For simplicity's sake, let's consider writing instead of reading for now.
So when you use open() like say:
with open("test.dat", "wb") as f:
f.write(b"Hello World")
f.write(b"Hello World")
f.write(b"Hello World")
After executing that a file called test.dat will be created, containing 3x Hello World. The data wont be kept in memory after it's written to the file (unless being kept by a name).
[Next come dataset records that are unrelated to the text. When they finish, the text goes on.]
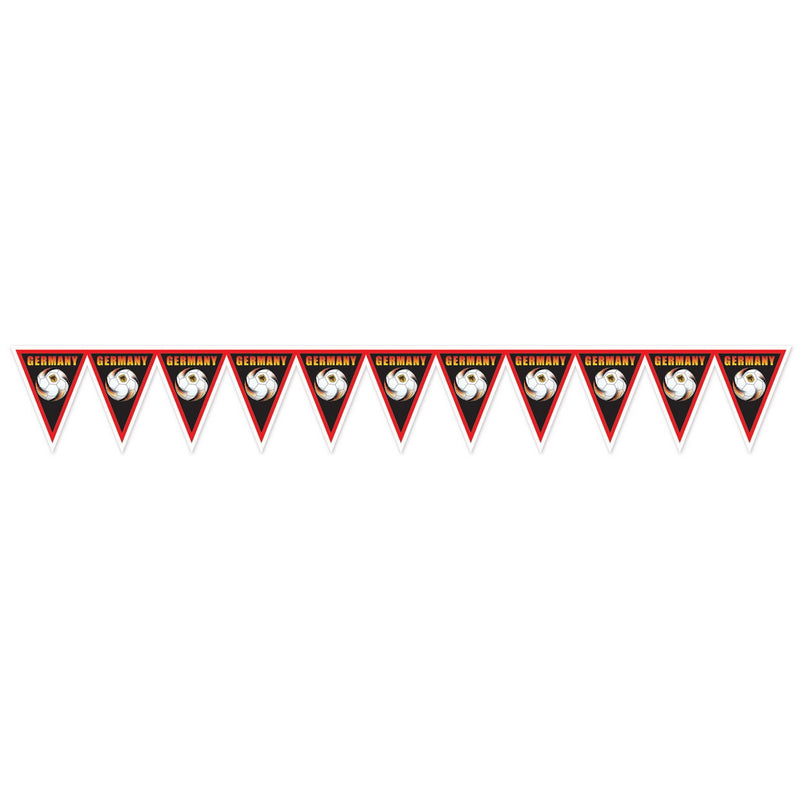 Pennant Banner - Germany – 11" x 6' 6¾" – (1/Pkg) by Beistle for Soccer Pennant Banners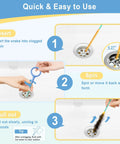 Step-by-step guide for 50 Inch Reusable Drain Snake 3 Pack Tough Nylon Hooks demonstrating clog removal process.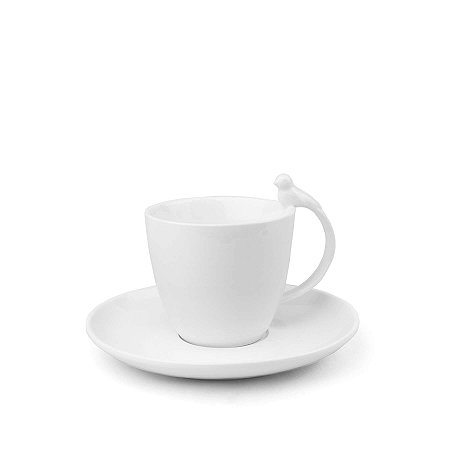 Xícara com pires em porcelana branca Birds 200 ml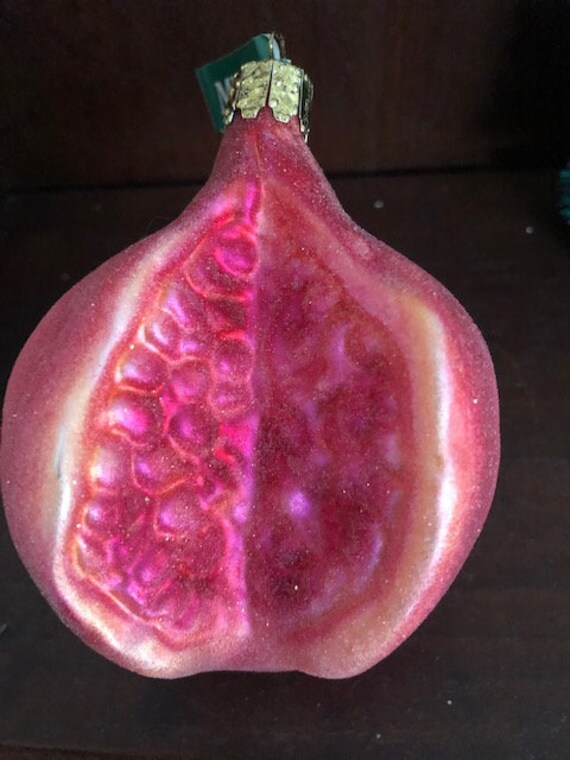 KSD Christborn Marshall Fields Blown Glass Fruit Pomegranate Christmas Ornament
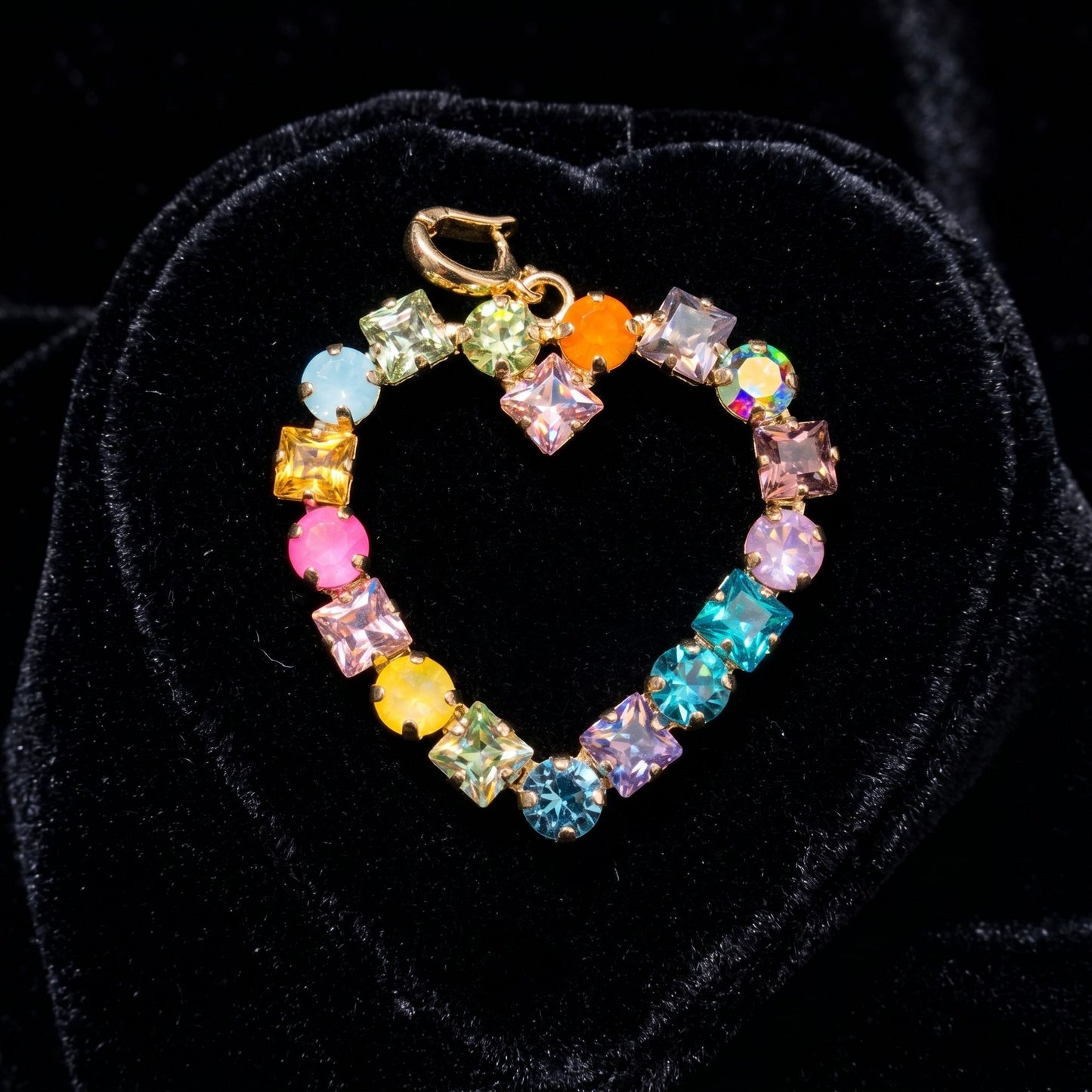 Large Open Heart Australian Crystal Charm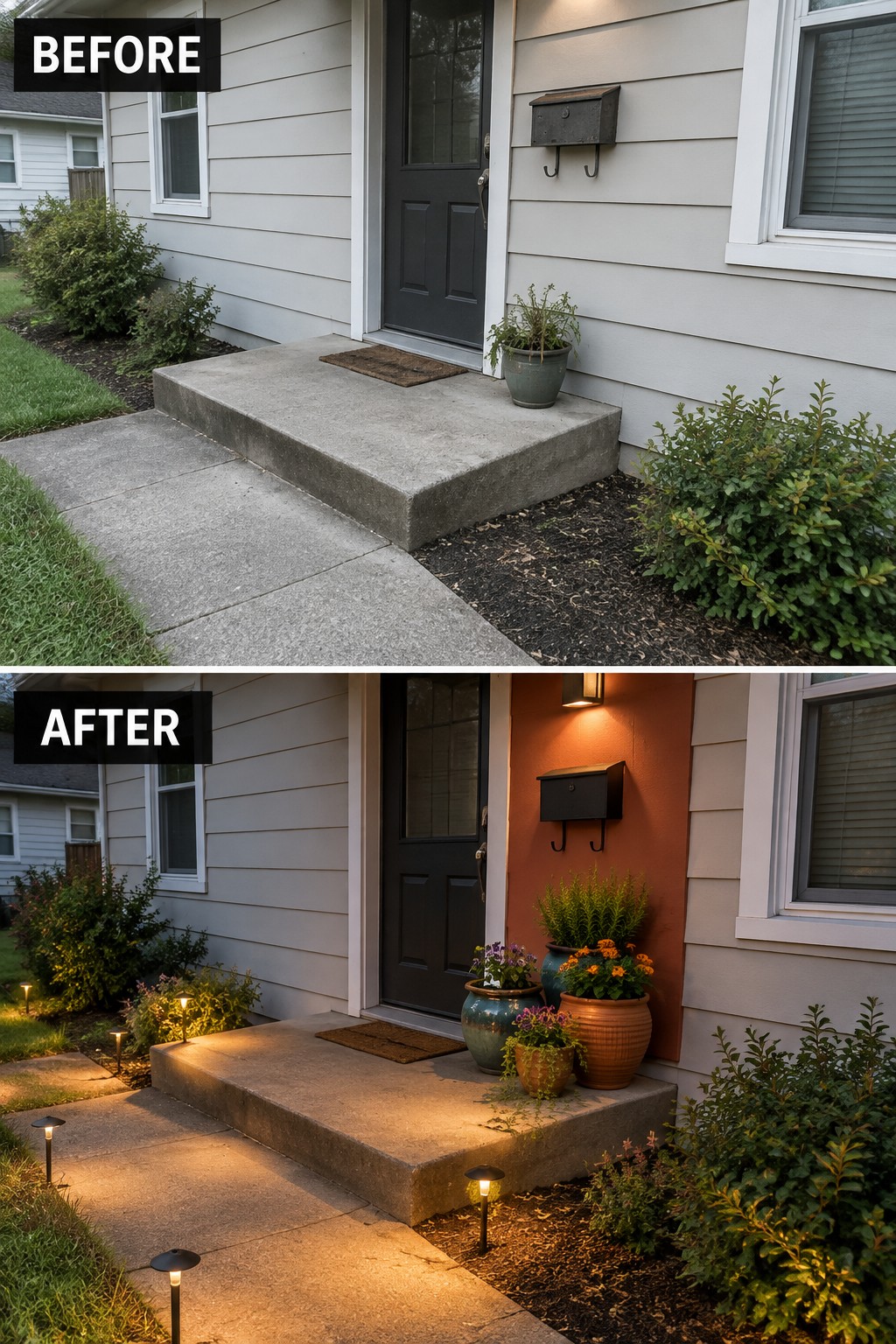 House entrance before and after with pathway lights and colorful potted plants.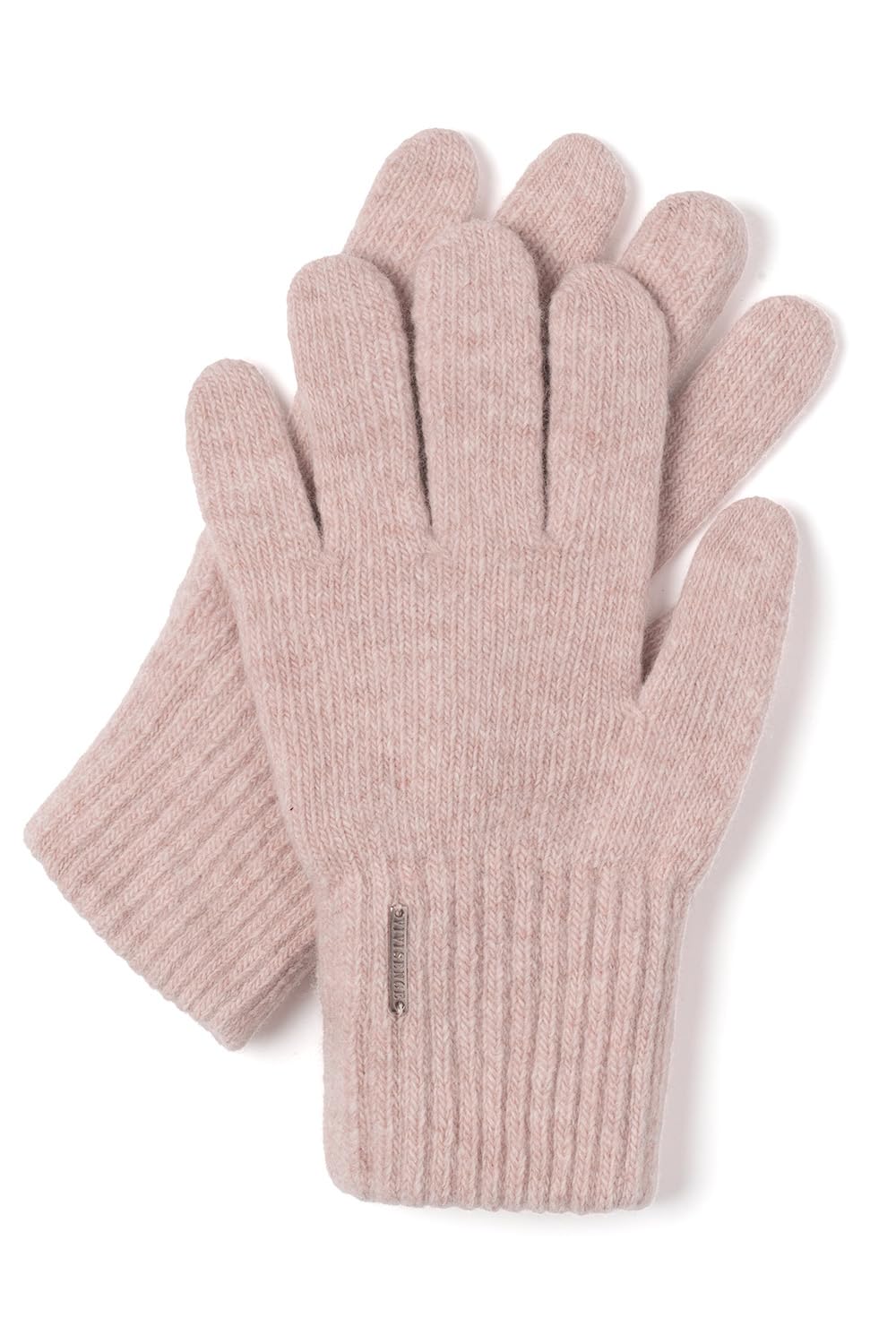 Vivisence Warm Woolen Winter Gloves For Women With Five Fingers Wide Welt Finish Soft And Warm Wool Blend Perfect For Cold Winter Days And Everyday Wear, Powder Pink,UNI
Now when you consider io.BytesIO() instead:
with io.BytesIO() as f:
f.write(b"Hello World")
f.write(b"Hello World")
f.write(b"Hello World")
Which instead of writing the contents to a file, it's written to an in memory buffer. In other words a chunk of RAM. Essentially writing the following would be the equivalent:
buffer = b""
buffer += b"Hello World"
buffer += b"Hello World"
buffer += b"Hello World"
In relation to the example with the with statement, then at the end there would also be a del buffer.
The key difference here is optimization and performance. io.BytesIO is able to do some optimizations that makes it faster than simply concatenating all the b"Hello World" one by one.
Just to prove it here's a small benchmark:
- Concat: 1.3529 seconds
- BytesIO: 0.0090 seconds
import io
import time
begin = time.time()
buffer = b""
for i in range(0, 50000):
buffer += b"Hello World"
end = time.time()
seconds = end - begin
print("Concat:", seconds)
begin = time.time()
buffer = io.BytesIO()
for i in range(0, 50000):
buffer.write(b"Hello World")
end = time.time()
seconds = end - begin
print("BytesIO:", seconds)
Besides the performance gain, using BytesIO instead of concatenating has the advantage that BytesIO can be used in place of a file object. So say you have a function that expects a file object to write to. Then you can give it that in-memory buffer instead of a file.
The difference is that open("myfile.jpg", "rb") simply loads and returns the contents of myfile.jpg; whereas, BytesIO again is just a buffer containing some data.
Since BytesIO is just a buffer - if you wanted to write the contents to a file later - you'd have to do:
buffer = io.BytesIO()
# ...
with open("test.dat", "wb") as f:
f.write(buffer.getvalue())
Also, you didn't mention a version; I'm using Python 3. Related to the examples: I'm using the with statement instead of calling f.close()
Using open opens a file on your hard drive. Depending on what mode you use, you can read or write (or both) from the disk.
A BytesIO object isn't associated with any real file on the disk. It's just a chunk of memory that behaves like a file does. It has the same API as a file object returned from open (with mode r+b, allowing reading and writing of binary data).
BytesIO (and it's close sibling StringIO which is always in text mode) can be useful when you need to pass data to or from an API that expect to be given a file object, but where you'd prefer to pass the data directly. You can load your input data you have into the BytesIO before giving it to the library. After it returns, you can get any data the library wrote to the file from the BytesIO using the getvalue() method. (Usually you'd only need to do one of those, of course.)